За время подготовки этого текста число погибших выпускников первой школы увеличилось — теперь их 18. Погиб сосед и друг Ильи Грейнер — 27-летний Георгий Губилидзе. 

«Соседский мальчишка, они с Илюхой дружили, — говорит Оксана Грейнер. — Тоже заключил контракт. В июле ушел, в сентябре погиб. Его родители долго искали, не могли найти. Все понимали, что он погиб, знали с какого боевого задания не вернулся. Но найти не могли. Родители надеялись, конечно… Почти через полтора года после смерти его тело домой привезли. Похоронили по-человечески». 

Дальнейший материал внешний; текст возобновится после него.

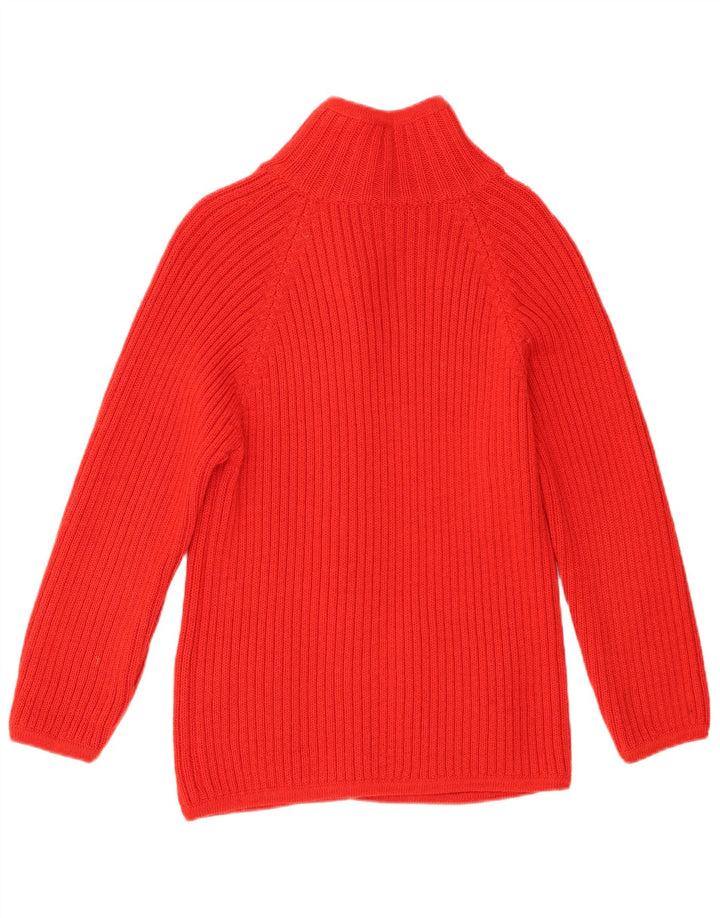 Suéter cardigã feminino vintage Reino Unido 10 lã vermelha pequena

— Семью создать не успел. Георгий был очень заботливым сыном, помогал маме. Был отзывчивым парнем, любил жизнь, имел много друзей и дружбу ценил. С началом специальной военной операции на передовую уходили его товарищи. По их примеру, будучи настоящим мужчиной, Георгий добровольно подписал контракт на военную службу, — пишут про погибшего в соцсетях.

Под постом уже открыт сбор для помощи семье контрактника. Впрочем, все некрологи в Слюдянке оканчиваются именно так — в конце обязательно указывают реквизиты, куда переводить деньги для семьи погибшего. 

Вся семья Грейнер сделала на плечах татуировки с портретом Ильи. С плеча матери он смотрит, чуть нахмурившись, лицо окружено листьями, внизу надпись «мой Шалун». У отца точно такое же тату, только листья чуть крупнее и подпись гласит: «Мой маленький герой». У сестры вместо листьев просто черный контур, а на самом портрете хорошо можно рассмотреть воротник от солдатской формы. Сверху над изображением буква Z, снизу слова: «Я всегда буду рядом». 

«Война без жертв не бывает, — говорит Оксана, вытирает слезы. — Я даже потеряв сына, горжусь Россией. Я горжусь своей страной. Я люблю ее. И как бы ни было плохо, больно, мы будем идти дальше. Победа будет за нами!» 

P.S. В декабре состоялась сессия Законодательного Собрания региона, на строительство школы № 1 в Слюдянке выделили еще 1,3 миллиарда рублей на три года. Несмотря на решение заморозить почти все региональные стройки, школу обещают достроить.